Free Minds Poetry Reading & Community Dialogue
Monday, April 20th at 7 p.m.
Read about Writers in Schools and Free Minds Book Club in The Washington Post.
Please join us for an evening of poetry and community dialogue brought to you by Free Minds Book Club & Writing Workshop and PEN/Faulkner’s Writers in Schools program. Come hear formerly incarcerated youth share their experiences at the DC Jail and in federal prison and express their personal stories of change through poetry. A moderated discussion on the root causes of youth incarceration and community solutions will follow. By getting everyone on the same page, we create a stronger, healthier community.
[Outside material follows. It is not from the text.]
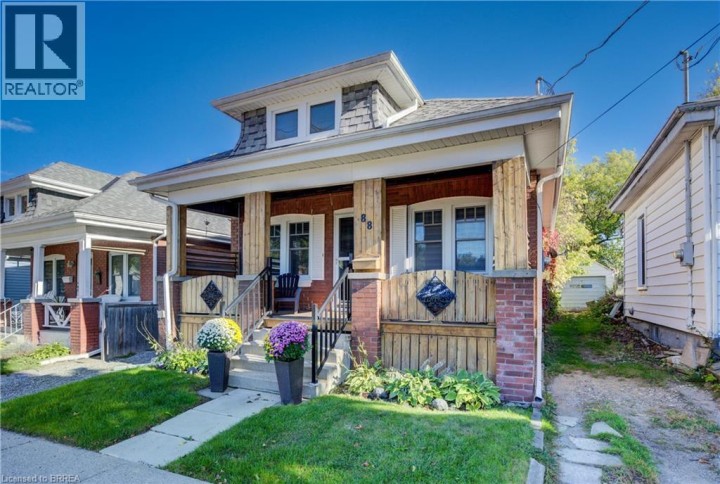 Photo 3 at 88 Walnut Street, Old West Brant, Brantford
Free Minds uses books, creative writing, and peer support to awaken DC youth incarcerated as adults to their own potential. Through creative expression, job readiness training, and violence prevention outreach, these young poets achieve their education and career goals, and become powerful voices for change in the community. This mirrors the mission of PEN/Faulkner’s Writers in Schools, which works to foster an active and thoughtful next generation of readers by bringing professional writers and their recent works directly into DC classrooms for discussions about literature and life.
In the past three years, Free Minds and PEN/Faulkner have teamed up to blend these two programs, bringing Free Minds writers who are home from prison into high school classrooms to read and discuss their own poetry and experiences with local students. This evening gives Free Minds and the PEN/Faulkner Foundation the opportunity to extend this work out into the broader community.
On The Same Page: Voices of Incarcerated Youth is made possible by a grant from the Capitol Hill Community Foundation.